What is needed:
Range to output from the entries below: the line containing "Бампер задній" through the line containing "2016 Nissan Rogue". Set it down exactly, ends included, nothing else.

(Short web captions)
- Opening Delimiter -
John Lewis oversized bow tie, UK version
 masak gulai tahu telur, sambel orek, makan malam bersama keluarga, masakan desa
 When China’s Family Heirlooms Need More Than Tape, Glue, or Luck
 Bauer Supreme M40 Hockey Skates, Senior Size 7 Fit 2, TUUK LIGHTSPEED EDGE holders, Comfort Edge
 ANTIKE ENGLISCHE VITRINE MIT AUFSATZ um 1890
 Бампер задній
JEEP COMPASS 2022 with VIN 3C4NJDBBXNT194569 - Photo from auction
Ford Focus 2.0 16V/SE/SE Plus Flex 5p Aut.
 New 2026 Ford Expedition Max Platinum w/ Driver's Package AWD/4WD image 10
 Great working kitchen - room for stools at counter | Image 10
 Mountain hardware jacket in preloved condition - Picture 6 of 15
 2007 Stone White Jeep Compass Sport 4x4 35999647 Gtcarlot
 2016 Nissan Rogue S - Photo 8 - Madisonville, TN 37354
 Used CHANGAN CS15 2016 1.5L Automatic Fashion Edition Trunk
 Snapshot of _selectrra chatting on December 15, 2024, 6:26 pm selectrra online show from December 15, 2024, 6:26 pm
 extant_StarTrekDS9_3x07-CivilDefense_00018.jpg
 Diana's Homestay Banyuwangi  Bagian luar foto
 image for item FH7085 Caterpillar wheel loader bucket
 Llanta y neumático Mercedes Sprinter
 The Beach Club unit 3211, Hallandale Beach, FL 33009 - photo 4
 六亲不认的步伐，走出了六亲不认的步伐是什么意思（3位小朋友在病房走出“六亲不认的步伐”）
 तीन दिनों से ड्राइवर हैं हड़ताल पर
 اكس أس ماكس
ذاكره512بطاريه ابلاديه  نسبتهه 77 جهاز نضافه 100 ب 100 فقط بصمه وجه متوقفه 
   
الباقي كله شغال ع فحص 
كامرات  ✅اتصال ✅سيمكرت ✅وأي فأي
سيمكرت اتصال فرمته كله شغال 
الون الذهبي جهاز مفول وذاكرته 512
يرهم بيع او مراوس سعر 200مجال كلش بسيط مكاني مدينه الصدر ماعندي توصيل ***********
- Closing Delimiter -
Reply to the task:
 Бампер задній
JEEP COMPASS 2022 with VIN 3C4NJDBBXNT194569 - Photo from auction
Ford Focus 2.0 16V/SE/SE Plus Flex 5p Aut.
 New 2026 Ford Expedition Max Platinum w/ Driver's Package AWD/4WD image 10
 Great working kitchen - room for stools at counter | Image 10
 Mountain hardware jacket in preloved condition - Picture 6 of 15
 2007 Stone White Jeep Compass Sport 4x4 35999647 Gtcarlot
 2016 Nissan Rogue S - Photo 8 - Madisonville, TN 37354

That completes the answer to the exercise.